So also it was that the old Northern races, in whose primitive souls the Faustian was already awakening, discovered in their grey dawn the art of sailing the seas which emancipated them.[416] The Egyptians knew the sail, but only profited by it as a labour-saving device. They sailed, as they had done before in their oared ships, along the coast to Punt and Syria, but the idea of the high-seas voyage—what it meant as a liberation, a symbol—was not in them. Sailing, real sailing, is a triumph over Euclidean land. At the beginning of our 14th Century, almost coincident with each other (and with the formation-periods of oil-painting and counterpoint!) came gunpowder and the compass, that is, long-range weapons and long-range intercourse (means that the Chinese Culture[417] too had, necessarily, discovered for itself). It was the spirit of the Vikings and the Hansa, as of those dim peoples, so unlike the Hellenes with their domestic funerary urns, who heaped up great barrows as memorials of the lonely soul on the wide plains. It was the spirit of those who sent their dead kings to sea in their burning ships, thrilling manifests of their dark yearning for the boundless. The spirit of the Norsemen drove their cockle-boats—in the Tenth Century that heralded the Faustian birth—to the coasts of America. But to the circumnavigation of Africa, already achieved by Egyptians and Carthaginians, Classical mankind was wholly indifferent. How statuesque their existence was, even with respect to intercourse, is shown by the fact that the news of the First Punic War—one of the most intense wars of history—penetrated to Athens from Sicily merely as an indefinite report. Even the souls of the Greeks were assembled in Hades as unexcitable shadows (εἴδωλα) without strength, wish or feeling. But the Northern dead gathered themselves in fierce unresting armies of the cloud and the storm.

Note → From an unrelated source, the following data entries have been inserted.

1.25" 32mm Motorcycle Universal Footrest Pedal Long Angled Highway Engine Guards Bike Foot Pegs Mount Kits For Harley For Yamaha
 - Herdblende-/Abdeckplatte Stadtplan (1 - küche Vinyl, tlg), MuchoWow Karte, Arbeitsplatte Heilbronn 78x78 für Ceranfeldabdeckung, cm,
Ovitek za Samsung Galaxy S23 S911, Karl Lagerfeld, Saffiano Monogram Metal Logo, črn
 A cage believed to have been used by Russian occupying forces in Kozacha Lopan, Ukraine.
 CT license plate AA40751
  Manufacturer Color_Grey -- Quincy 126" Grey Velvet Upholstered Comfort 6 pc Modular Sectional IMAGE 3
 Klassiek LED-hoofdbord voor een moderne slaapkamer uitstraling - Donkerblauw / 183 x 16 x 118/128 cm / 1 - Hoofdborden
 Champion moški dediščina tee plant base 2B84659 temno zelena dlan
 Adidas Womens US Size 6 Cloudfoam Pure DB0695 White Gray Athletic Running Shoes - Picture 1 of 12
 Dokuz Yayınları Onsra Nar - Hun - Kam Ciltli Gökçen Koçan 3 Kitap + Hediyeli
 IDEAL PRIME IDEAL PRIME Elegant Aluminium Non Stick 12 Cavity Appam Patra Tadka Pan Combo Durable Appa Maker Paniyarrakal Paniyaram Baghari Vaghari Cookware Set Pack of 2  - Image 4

The event which stands at the same cultural level as the discoveries of the Spaniards and Portuguese is that of the Hellenic colonizations of the 8th Century B.C. But, while the Spaniards and the Portuguese were possessed by the adventured-craving for uncharted distances and for everything unknown and dangerous, the Greeks went carefully, point by point, on the known tracks of the Phœnicians, Carthaginians and Etruscans, and their curiosity in no wise extended to what lay beyond the Pillars of Hercules and the Isthmus of Suez, easily accessible as both were to them. Athens no doubt heard of the way to the North Sea, to the Congo, to Zanzibar, to India—in Nero’s time the position of the southern extremity of India was known, also that of the islands of Sunda—but Athens shut its eyes to these things just as it did to the astronomical knowledge of the old East. Even when the lands that we call Morocco and Portugal had become Roman provinces, no Atlantic voyaging ensued, and the Canaries remained forgotten. Apollinian man felt the Columbus-longing as little as he felt the Copernican. Possessed though the Greek merchants were with the desire of gain, a deep metaphysical shyness restrained them from extending the horizon, and in geography as in other matters they stuck to near things and foregrounds. The existence of the Polis, that astonishing ideal of the State as statue, was in truth nothing more nor less than a refuge from the wide world of the sea-peoples—and that though the Classical, alone of all the Cultures so far, had a ring of coasts about a sea of islands, and not a continental expanse, as its motherland. Not even Hellenism, with all its proneness to technical diversions,[418] freed itself from the oared ship which tethered the mariner to the coasts. The naval architects of Alexandria were capable of constructing giant ships of 260-ft. length,[419] and, for that matter, the steamship was discovered in principle. But there are some discoveries that have all the pathos of a great and necessary symbol and reveal depths within, and there are others that are merely play of intellect. The steamship is for Apollinians one of the latter and for Faustians one of the former class. It is prominence or insignificance in the Macrocosm as a whole that gives discovery and the application thereof the character of depth or shallowness.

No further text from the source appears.